**Your assignment**
Beginning with the line that contains "2015 6th Avenue, Unit", print each line to the end of the data exactly. Omit the pictures.

**Exercise data**
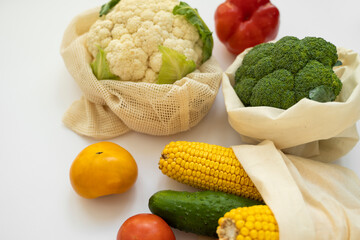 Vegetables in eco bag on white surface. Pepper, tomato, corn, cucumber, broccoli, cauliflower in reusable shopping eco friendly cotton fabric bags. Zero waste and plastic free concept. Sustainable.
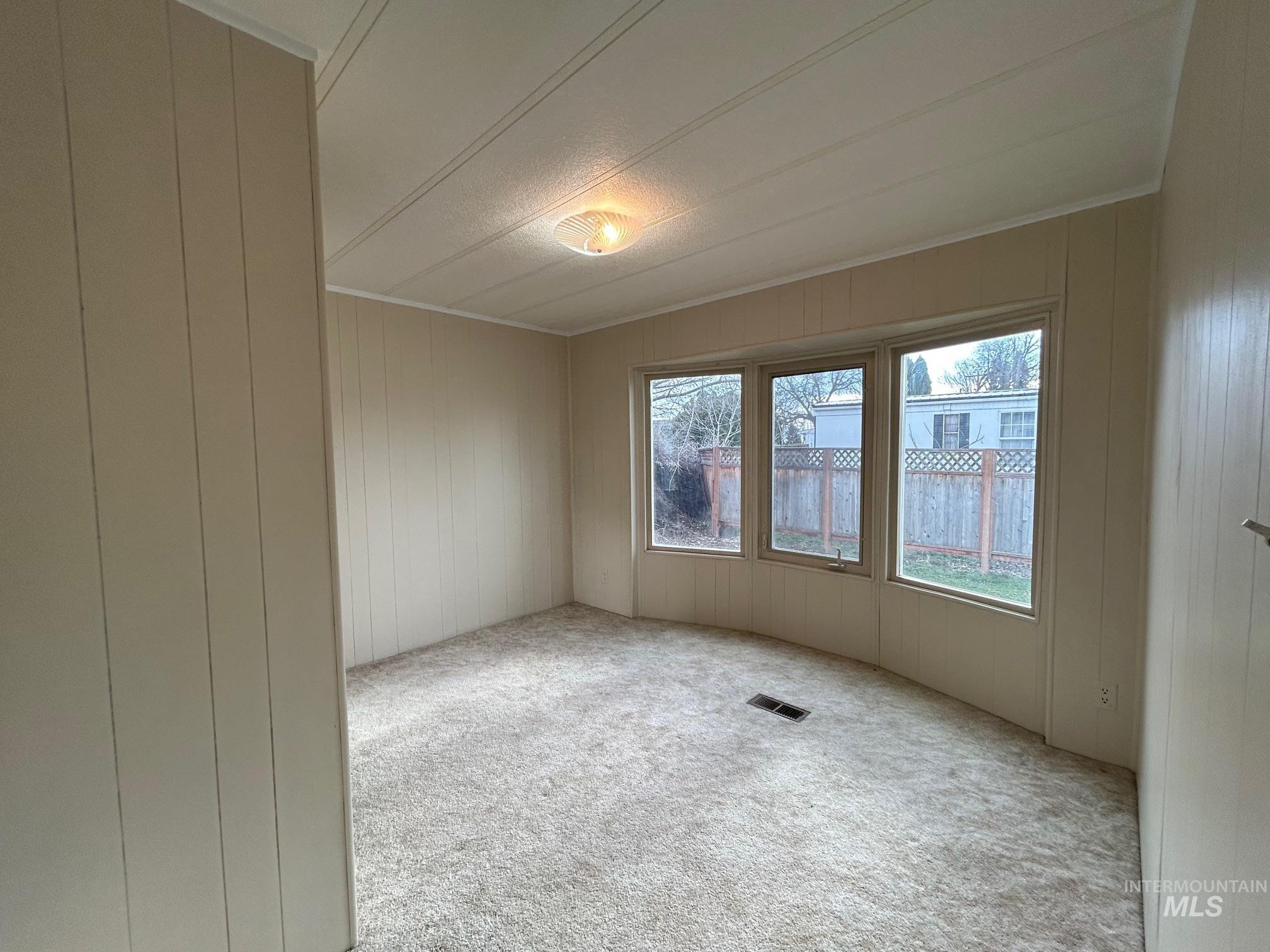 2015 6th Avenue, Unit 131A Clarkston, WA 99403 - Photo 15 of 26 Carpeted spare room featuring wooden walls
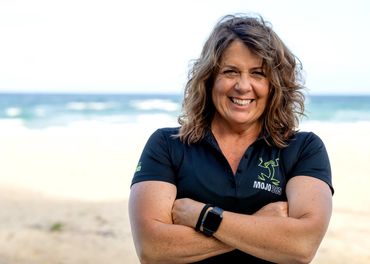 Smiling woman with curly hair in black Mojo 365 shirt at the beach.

**Response**
 2015 6th Avenue, Unit 131A Clarkston, WA 99403 - Photo 15 of 26 Carpeted spare room featuring wooden walls
 Smiling woman with curly hair in black Mojo 365 shirt at the beach.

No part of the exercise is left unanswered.